Wednesday, 8 August 2018

Brexit and the worldwide patriarchal conspiracy

A staggering piece yesterday. Brexit will 'screw over women' in particular because Bexit will set events off into an inevitable chain. First there will be a shortage of care assistants from the EU; second this will mean a general shortage of insitutitonal care for the elderly; third the elderly will have to be cared for at home; fourthly, home care will mean fewer women will be able to work. Intervene at any stage to explore assumptions, as you wish. It is all based on a Department of Health Report leaked to the Daily Telegraph, which admits the whole thing is 'admittedly a worst-case scenario' arising 'if EU migrants are barred from coming to the UK'. 'Barred'!

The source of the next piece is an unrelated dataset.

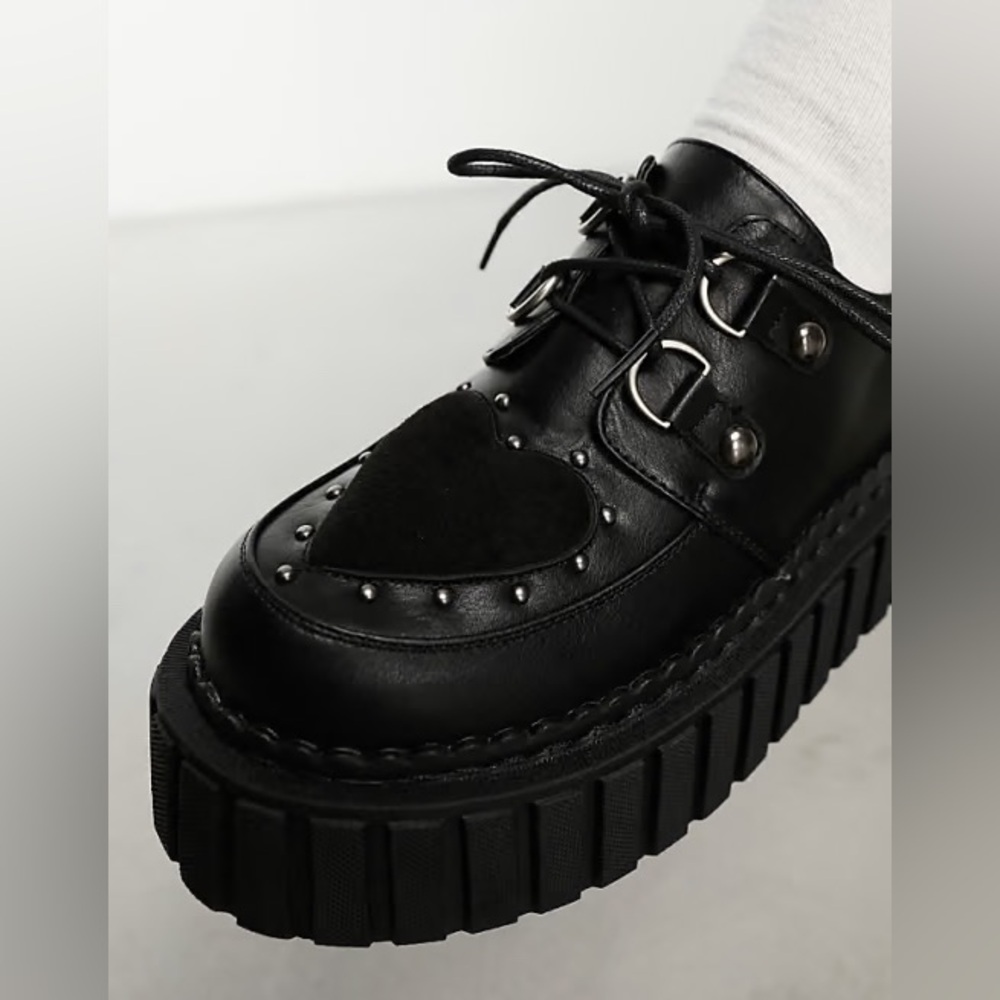 NEW Lamoda Cryptic Love Platform Studded Chunky Black Creeper Shoes - Hearts - 8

However, in skilled hands there can only be one conclusion:


It’s tempting to see this as yet another unexpected down side to the June 2016 vote. After all, who could have predicted this? (I mean, apart from anyone who’s bothered to think seriously [a link to another Telegraph article on the EU's role in promoting workplace equality legislation] about the relationship between workplace equality and the European Union.)...In truth, though, I think Brexit and the desire for a return to traditional gender roles have always gone hand in hand. The repression of female advancement is not a side-effect, but a fundamental part of what was longed for as part of the Brexit package. And now we’re getting it... Many of the sentiments that formed a backdrop the Leave vote – misty-eyed visions of colonial dominance, lazy fantasies of Blitz spirit pluck – betray a yearning for a time before paid maternity leave, childcare vouchers, the Equal Pay Act, workplace equality targets and all-women shortlists. It’s a time when life was simpler and everyone knew their place – men in the factory, women in the home. A time before identity politics, marital rape laws and crises of working-class white masculinity. 

Of course there was also:

frustration at feeling ignored by a distant political class, hunger for any form of change, the promise of that extra £350m for the NHS, a decades-long diet of racism and immigrant-blaming from the right-wing press [and elites using] ...the twin evils of red tape and human rights legislation to position an undeserving other (women, ethnic minorities) as the real victims. Race is undoubtedly a factor. So, too, is gender. 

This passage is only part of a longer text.